━━━━━ Data

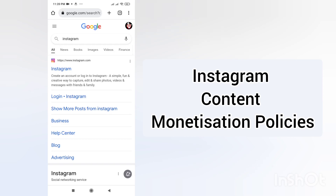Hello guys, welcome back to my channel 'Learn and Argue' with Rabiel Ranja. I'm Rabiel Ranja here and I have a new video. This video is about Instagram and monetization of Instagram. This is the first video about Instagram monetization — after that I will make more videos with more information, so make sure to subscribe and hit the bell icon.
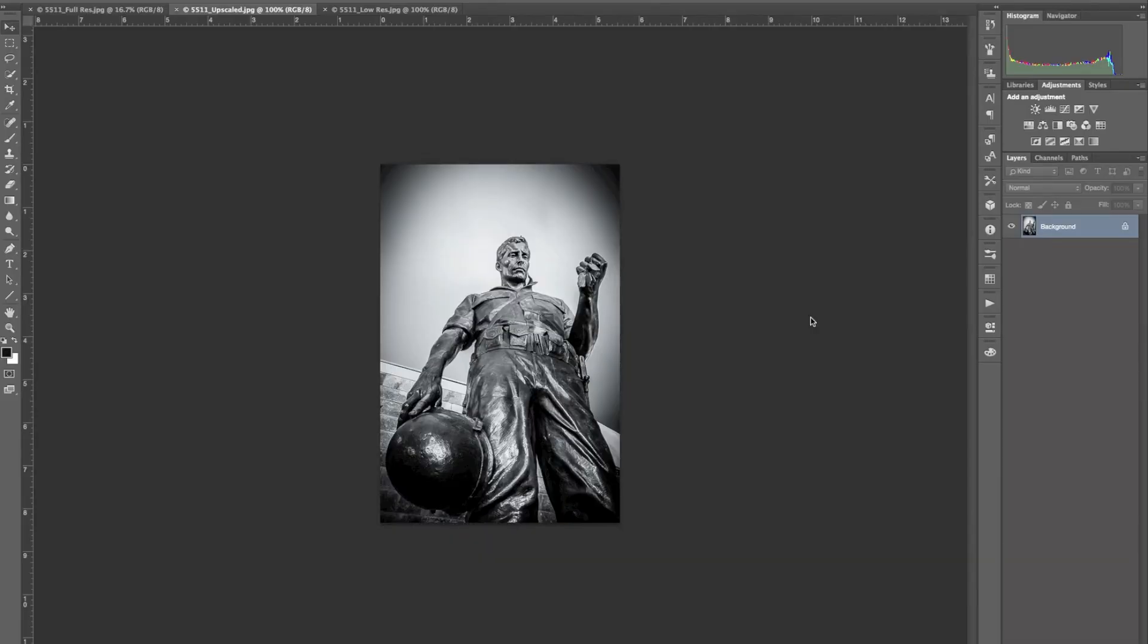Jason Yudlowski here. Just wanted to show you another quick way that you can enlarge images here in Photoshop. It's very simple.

━━━━━━━━━━
━━━━━ Data

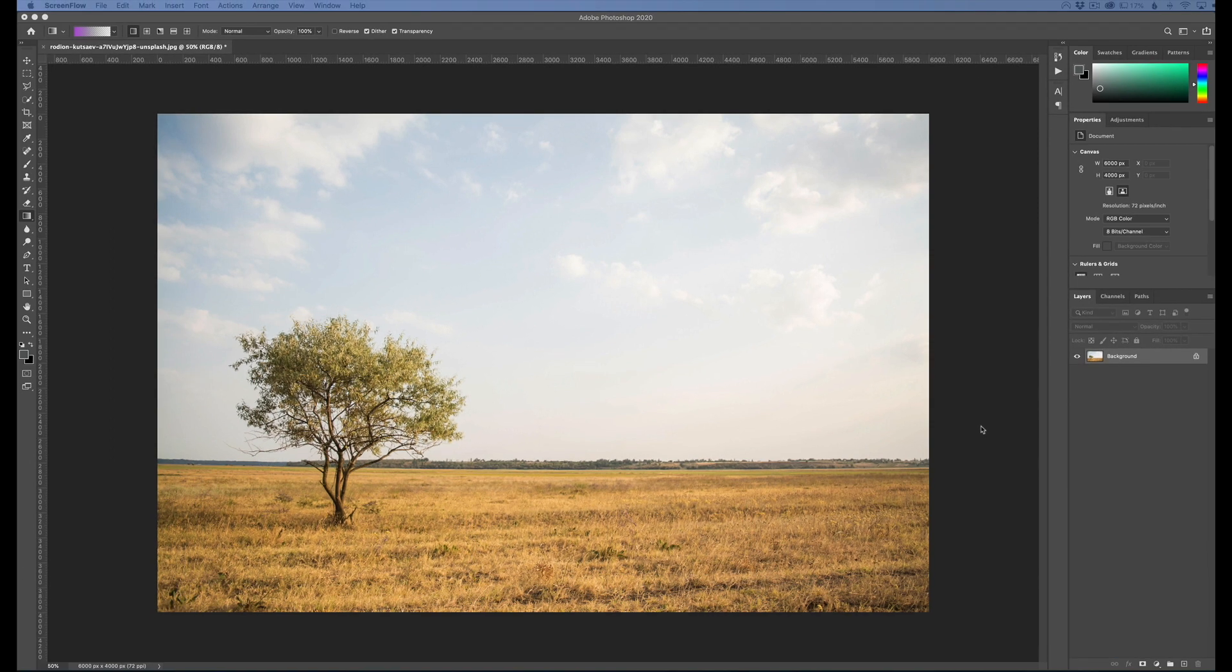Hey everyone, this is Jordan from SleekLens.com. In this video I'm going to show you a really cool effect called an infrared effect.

━━━━━━━━━━

Task objective: In the data above, take the line with "Hello guys, welcome", the line with "Jason Yudlowski here.", and every line between, and set them down exactly without pictures.

Solution:
Hello guys, welcome back to my channel 'Learn and Argue' with Rabiel Ranja. I'm Rabiel Ranja here and I have a new video. This video is about Instagram and monetization of Instagram. This is the first video about Instagram monetization — after that I will make more videos with more information, so make sure to subscribe and hit the bell icon.
Jason Yudlowski here. Just wanted to show you another quick way that you can enlarge images here in Photoshop. It's very simple.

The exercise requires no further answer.